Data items
<<<<

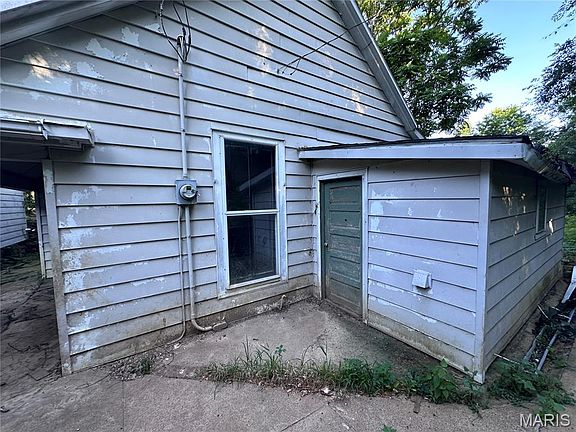 4th image of 703 Walnut St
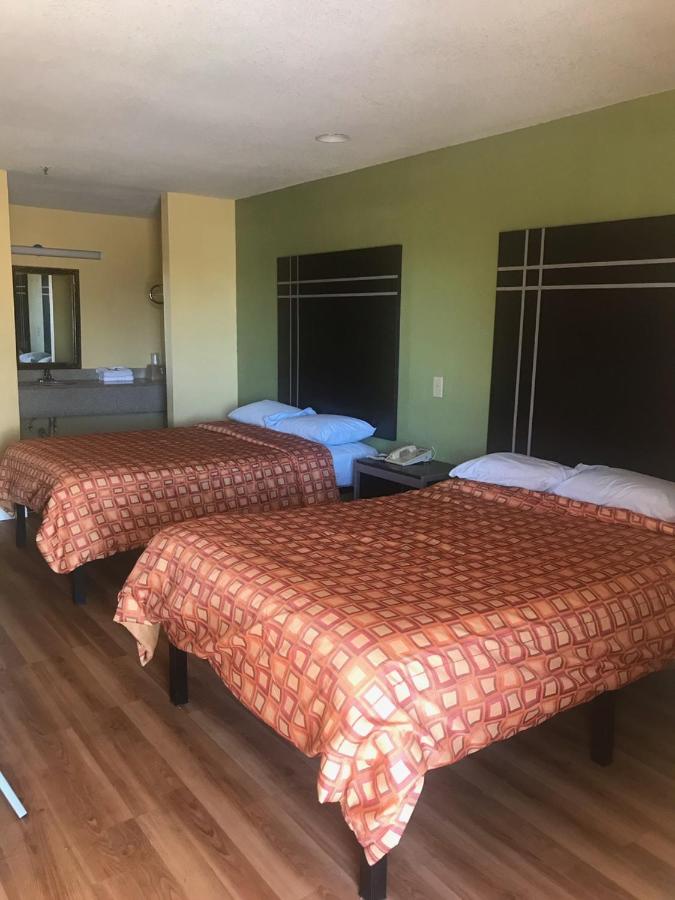 RED CROWN INN — photo 1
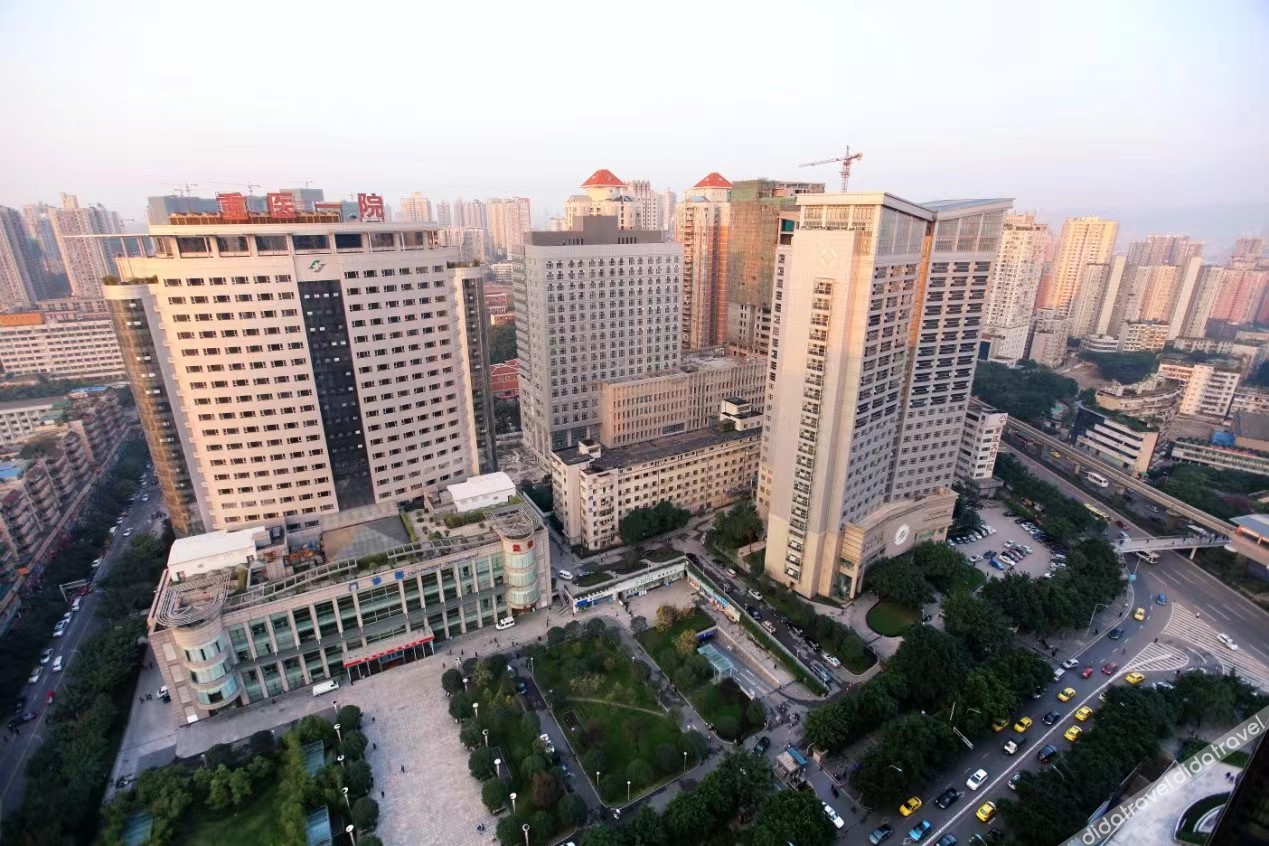 Home Inn Neo (Chongqing Chongqing Medical Affiliated No.1 Hospital Yuanjiagang Subway Station) 3*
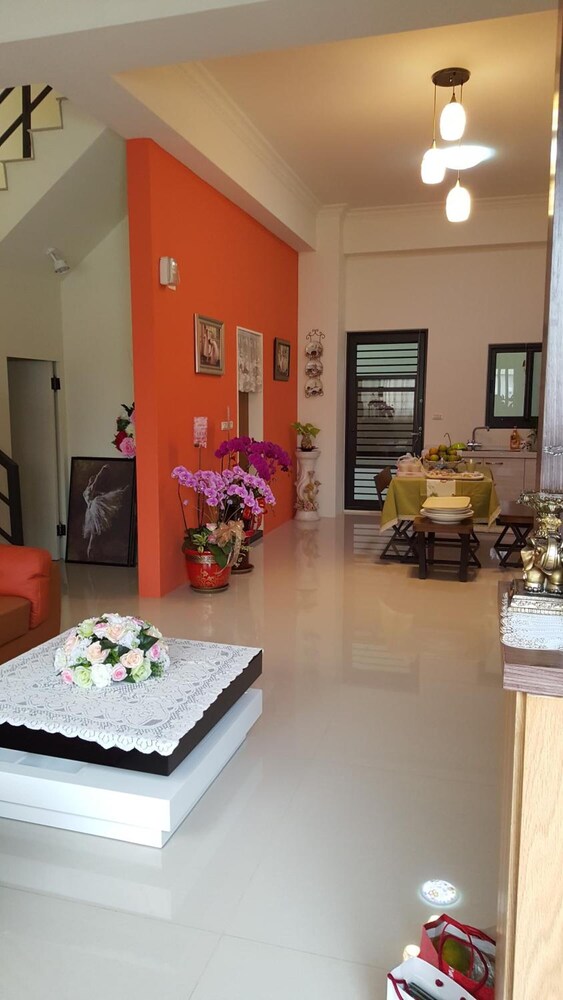 Puli Waltz Villa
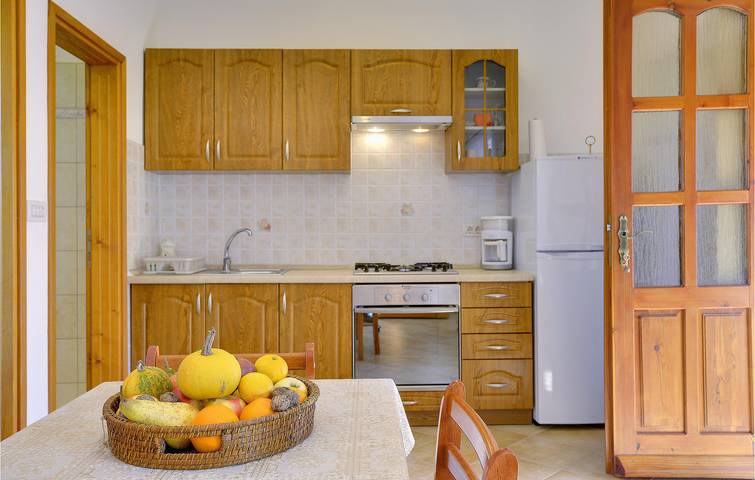 Ganze Ferienwohnung, Gemütliche Ferienwohnung mit Terrasse, WLAN und 1,5 km zum Strand in Marčana, Südküste Istrien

>>>>

HOW TO COMPLETE THIS TASK:
Do not include pictures. Copy only the lines running from the line with "Puli Waltz Villa" through the last line of the records, exactly as they appear.

ANSWER SPACE:
 Puli Waltz Villa
 Ganze Ferienwohnung, Gemütliche Ferienwohnung mit Terrasse, WLAN und 1,5 km zum Strand in Marčana, Südküste Istrien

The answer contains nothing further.